What to work on
Return exactly the lines that run from the one containing "WayksOne Travel Backpack" to the end of the entries, with both ends included.

Supplied records
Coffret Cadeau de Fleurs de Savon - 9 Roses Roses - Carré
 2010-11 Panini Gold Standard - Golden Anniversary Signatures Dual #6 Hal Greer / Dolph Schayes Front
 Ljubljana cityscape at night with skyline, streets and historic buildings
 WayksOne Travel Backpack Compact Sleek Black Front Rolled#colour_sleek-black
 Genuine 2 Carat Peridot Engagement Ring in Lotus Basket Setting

Task solution
 WayksOne Travel Backpack Compact Sleek Black Front Rolled#colour_sleek-black
 Genuine 2 Carat Peridot Engagement Ring in Lotus Basket Setting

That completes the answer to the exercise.